Monday, June 16, 2025



Laughing in Yiddish

by Jamie Wendt
(Broadstone Books, 2025) 

Reviewed by Rebecca Ellis

Laughing in Yiddish, the second poetry collection by Jamie Wendt, brings an entire world of immigrant history vividly to life. Wendt uses sure-footed lyricism and deeply evocative imagery to tell the story of Jews living in a vibrant Russian shtetl, enduring pogroms and massacres and finally escaping to a new life in Chicago. She gives us, generously, the very real stories of street peddlers, grandparents, and great-grandparents, the sounds of early Chicago, the urban renewal that remade Chicago, and through it all the people finding strength through tradition and memory to make a new life after loss.  

Wendt uses a variety of formal and informal poetic forms to carry contemporary and historical voices, threading together the present and its past. The poems take risks, using ekphrastic poems, ghazals, pantoums, an ode, and even a triolet to build a nuanced and compelling history. They navigate that history from women working in a cigarette factory or at a spinning wheel, to the pogroms and massacres that the poet’s own ancestors survived in Lithuania, to a contemporary mother interrogating the past in order to build a world for her children. 

The opening poem in this collection, “The Guests,” brings ancestors into the present, giving them like a gift to her children, moving simultaneously “toward the past and into the present” within the context of the Jewish celebration of Sukkot. The poem sets the stage for the entire book, everything framed in preserving people and tradition, and doing it in a frame of richly rendered and memorable poetry.
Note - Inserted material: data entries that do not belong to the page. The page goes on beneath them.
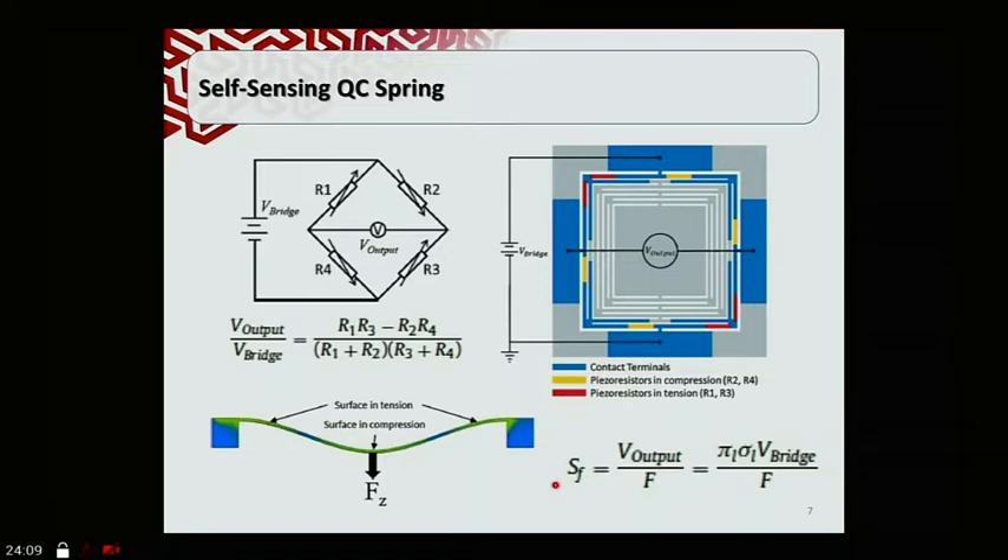The sensitivity of the piezoresistors can be determined from the piezoresistive coefficient (pi) and the stress (sigma) of the beam, as well as the bridge voltage applied to the spring. This sensitivity tells us how much voltage we get at the output per unit of force applied on the device. This relationship was used to determine the resolution of the device during testing.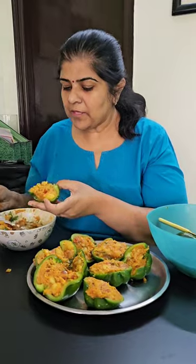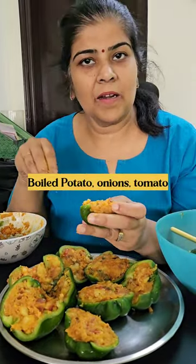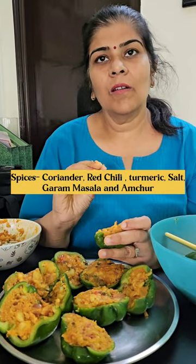What are you making? Stuffed capsicums. I have stuffed it. I have fried it with a little bit of sweet sauce and a hot sauce.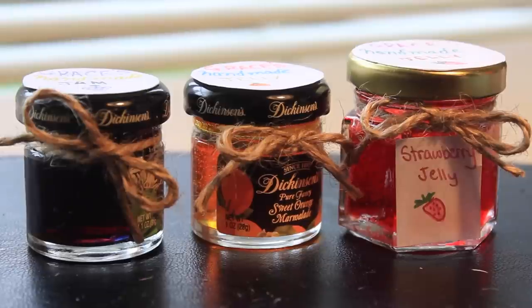Here are my three little jars of jam and I think they're so cute and they were so fun to make. I totally recommend you try out this craft because it's easy and it's a lot of fun and you can be creative with it.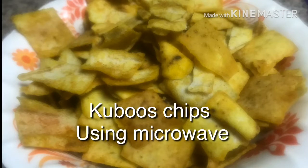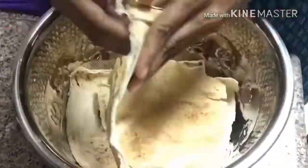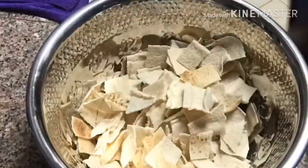Hello my dear friends, welcome to my channel. Today I'm going to show you how to prepare kubus chips using a microwave in just five minutes. I have some leftover kubus and I'm going to make them into small pieces.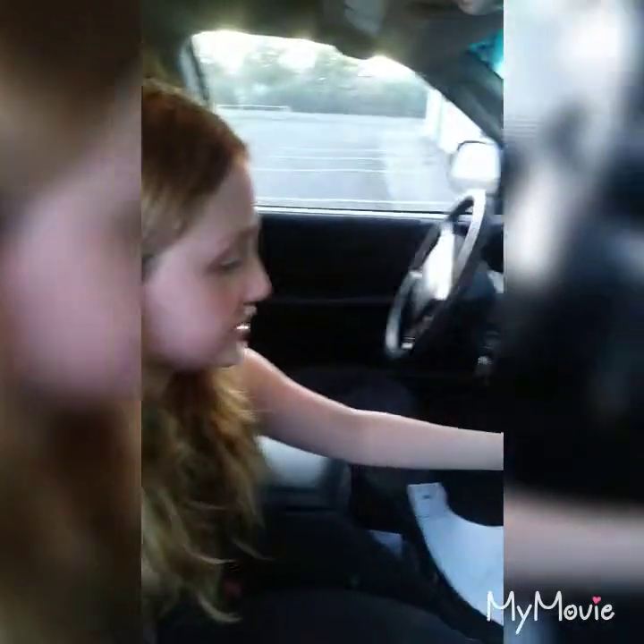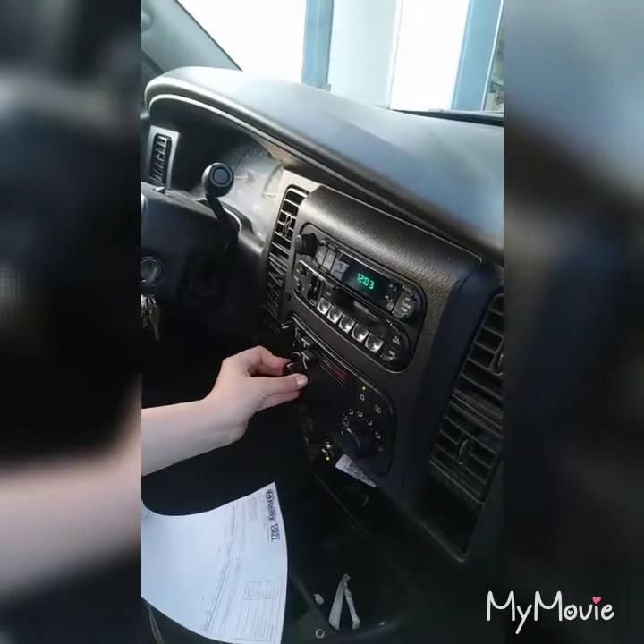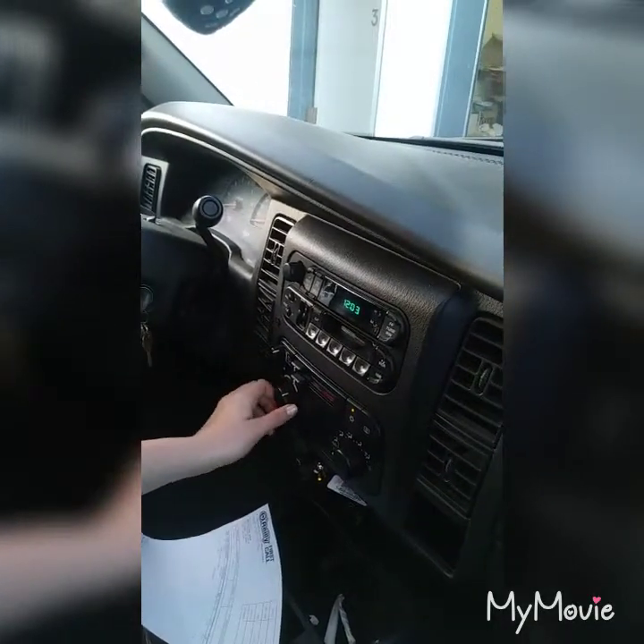Now just check all your speeds and see if it works. It works.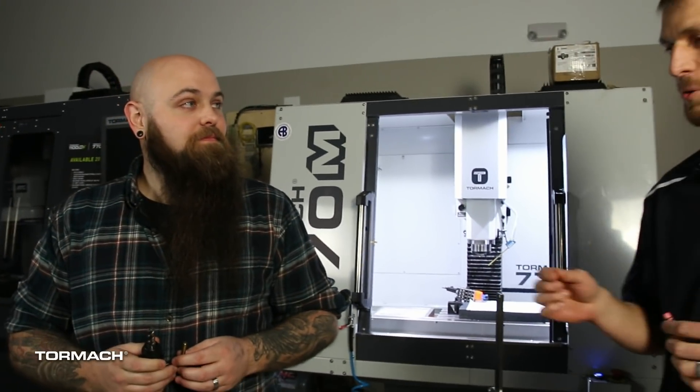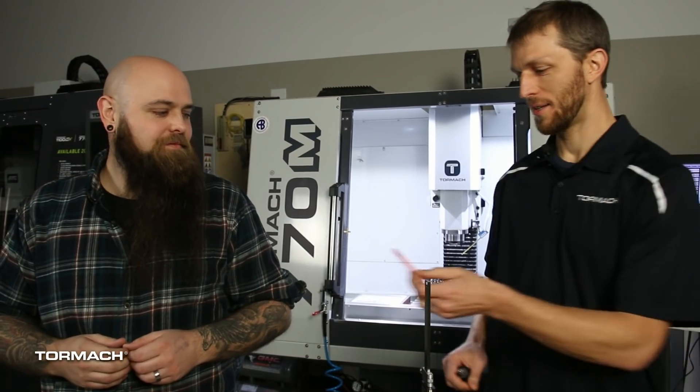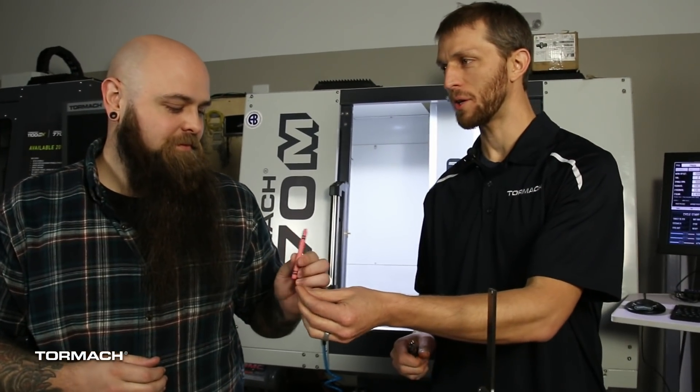Here at Tormach we want to help you make things and since it's Thanksgiving, I had the bright idea to try to cut a turkey with a drag knife. That idea evolved into other ideas like trying to cut a turkey with an end mill. Then I talked to Jason, who said no — because you always want to cut food in my machines and we're not gonna cut food in our machines. So if we want to make a turkey, here's your tool: a pink crayon. We'll grab a DXF file, bring it into PathPilot, and go ahead and draw you a turkey.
In the poem that gives the book its title, “Laughing in Yiddish,” the difficulty of leaving one place and going to another, without losing the past, is seen through the eyes of a recent immigrant:

    Other women trained themselves not to follow 
    Lot’s wife’s gaze, not to look back at destruction.
    Why witness the mass of corpses again

    and the remains of a lost world? I tried leaving behind 
    the tall wooden shul, tried not to look back at burning cypress.
    I tried laughing in Yiddish in Chicago.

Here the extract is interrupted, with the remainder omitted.